The Road Less Travelled
“Does the fastest route truly deliver the optimal journey? Our obsession with efficient travel has removed the romance of journey making.“
Come with us to the future as we imagine travel app ‘Forked Road’ that wants us to stop, and consider the road less travelled.
The evolution of our transport network has both stimulated and satisfied our fixation with speed. We can zip line from Edinburgh to London in 30 minutes by bullet train and outsmart long-weekend traffic jams thanks to satellite navigation and real time data. But while this has saved us time, it has cost us adventure; our journeys becoming streamlined and homogenous.
Forked Road offers to solve this tension. It delights travellers by enriching their journeys while providing brands with a platform for meaningful consumer engagement on the road.
The concept for the app was born at the Goodwood Revival (vintage motor race meeting) as founders Kat and Mark O’Flaherty reminisced about the golden era of motor travel. In Kat’s words “When a Sunday drive was the height of sophistication and entertainment. People would set off without a destination in mind, opening themselves to the joys of chance discoveries.”
Think of Forked Road as a high tech version of the Michelin guide (where 1 star is awarded for locations worth a stop, 2 for a detour and 3 a destination). It designs optimised routes that balance efficient commuting with entertainment and education. The app uses machine learning to build up a picture of your personal interests and tailors each trip with increasing relevance. You can enrich the weekend drive to your parent’s house by stopping at a hidden surfing spot or joining a local Meetup group to forage wild mushrooms.
The app is also an ally to our growing electric fleet. Forked Road connects drivers with host households so they can recharge their car while sharing a cup of tea and conversation with a local. Big box petrol stations are now being replaced by this decentralised network of individual homes that offer a far more personal encounter than filling up the tank at the side of the highway and snacking on generic crisps and chocolate that are the same from Inverness to St Ives.
Mark exclaims, “The best is yet to come! As cars become increasingly automatic drivers are becoming passenger, opening up marvellous new possibilities. We are busy making plans for next May when UK highways become autonomous driving zones. Instead of passengers sitting there captive, either bored or eyes fixed to their phone completely oblivious to their surrounds, people can now make use of this idle time.”
Lydia Hrustic from DK Insights sees the untapped potential, “this is a primed audience; people who are craving stimulation and interaction. Businesses now have a chance to connect with people in transit like never before.” In the past brands were literally sitting on the sidelines, advertising through generic highway billboards and distributing through ubiquitous petrol stations that held no sense of place. Today, brands can become an integrated and valued part of the journey. And the opportunities are open to organisations small and large. Low cost and scalable digital interactions cost a fraction of traditionally expensive, limited and static billboards. For example, the BBC will accompany you down Stane Street (the 56 mile Roman Road connecting London and Chichester), offering an immersive history lesson on local life during Roman rule using augmented reality on the windshield. By seamlessly weaving brand encounters into daily life, at the most relevant moment, companies are connecting with people on a deeper level.
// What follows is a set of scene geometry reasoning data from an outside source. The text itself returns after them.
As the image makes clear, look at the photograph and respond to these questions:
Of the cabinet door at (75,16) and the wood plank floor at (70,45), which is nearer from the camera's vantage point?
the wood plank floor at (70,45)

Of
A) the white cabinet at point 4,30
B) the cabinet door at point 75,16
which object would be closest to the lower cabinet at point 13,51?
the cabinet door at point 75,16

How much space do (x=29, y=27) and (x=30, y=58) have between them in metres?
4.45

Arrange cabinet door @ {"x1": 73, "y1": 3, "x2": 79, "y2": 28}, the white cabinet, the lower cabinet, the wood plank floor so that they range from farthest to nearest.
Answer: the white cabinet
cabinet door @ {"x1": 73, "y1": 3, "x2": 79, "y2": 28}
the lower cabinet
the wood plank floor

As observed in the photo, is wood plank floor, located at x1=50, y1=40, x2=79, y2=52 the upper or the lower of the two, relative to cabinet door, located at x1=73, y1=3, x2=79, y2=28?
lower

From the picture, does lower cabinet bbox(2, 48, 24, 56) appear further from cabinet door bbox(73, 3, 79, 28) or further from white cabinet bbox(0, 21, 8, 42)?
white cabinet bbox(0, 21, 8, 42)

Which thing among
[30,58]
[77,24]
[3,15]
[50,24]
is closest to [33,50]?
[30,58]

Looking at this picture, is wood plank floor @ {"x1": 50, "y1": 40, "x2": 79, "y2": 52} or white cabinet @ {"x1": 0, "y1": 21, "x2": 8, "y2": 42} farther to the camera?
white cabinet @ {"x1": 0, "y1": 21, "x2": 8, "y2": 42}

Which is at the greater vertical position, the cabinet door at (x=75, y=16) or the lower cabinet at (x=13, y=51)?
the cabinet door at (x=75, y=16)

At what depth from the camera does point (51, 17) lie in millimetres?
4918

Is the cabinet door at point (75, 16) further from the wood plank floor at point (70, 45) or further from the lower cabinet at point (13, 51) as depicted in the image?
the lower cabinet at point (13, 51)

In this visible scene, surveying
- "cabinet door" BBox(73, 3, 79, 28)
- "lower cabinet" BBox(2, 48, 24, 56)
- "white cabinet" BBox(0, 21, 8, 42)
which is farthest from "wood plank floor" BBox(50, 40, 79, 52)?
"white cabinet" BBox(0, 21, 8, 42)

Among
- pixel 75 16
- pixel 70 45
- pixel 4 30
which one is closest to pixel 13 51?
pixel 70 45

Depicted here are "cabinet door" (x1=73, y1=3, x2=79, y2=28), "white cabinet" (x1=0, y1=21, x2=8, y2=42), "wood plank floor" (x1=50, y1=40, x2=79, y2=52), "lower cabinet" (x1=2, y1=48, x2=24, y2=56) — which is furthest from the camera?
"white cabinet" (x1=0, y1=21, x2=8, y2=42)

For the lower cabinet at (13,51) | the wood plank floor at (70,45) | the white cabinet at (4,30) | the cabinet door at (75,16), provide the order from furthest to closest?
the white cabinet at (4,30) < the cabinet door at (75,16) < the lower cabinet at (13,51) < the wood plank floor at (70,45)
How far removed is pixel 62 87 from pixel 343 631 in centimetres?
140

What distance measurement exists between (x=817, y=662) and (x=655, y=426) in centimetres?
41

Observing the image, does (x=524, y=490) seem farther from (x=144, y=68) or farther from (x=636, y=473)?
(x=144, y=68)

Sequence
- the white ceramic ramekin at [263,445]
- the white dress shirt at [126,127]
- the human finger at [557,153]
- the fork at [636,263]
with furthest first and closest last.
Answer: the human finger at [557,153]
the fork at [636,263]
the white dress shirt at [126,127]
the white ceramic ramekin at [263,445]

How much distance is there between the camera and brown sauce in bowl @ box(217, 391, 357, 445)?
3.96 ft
Demonstrating the flexibility of the app, Forked Road has partnered with London Coffee Collective to encourage people to walk to work everyday in September (coinciding with Britain’s obesity action month). The app will map a unique route each day that includes an independent coffee shop and point of interest (hidden vantage point, boot camp class or breakfast seminar). The daily dose of urban discovery breaks the groundhog day bind and achieves commercial and social outcomes. Forked Road is already being credited with stimulating a renaissance of local business and many advocates believe it has the power to help reknit our strained national fabric: strengthening our sense of community from the grassroots.
Forked Road has achieved what many sought to do before – a truly connected journey. The application brings together people, retail, services and brands to share resources, spark new relationships and facilitate discovery. Instead of regarding travel time as something to cure, Forked Road turns it into an anticipated delight, recruiting our senses and plugging us back into the present.
What is the opportunity for travel and transport brands? Key considerations:
- Understand the passenger mentality and how to entertain and educate during idle moments in transit.
- Consider your brand’s role within the environment you operate. How can you add value to landscapes and landmarks, making them as exciting and emotive as the final destination?
- How can technology be used to bring consumer surroundings to life in tangible, visceral ways?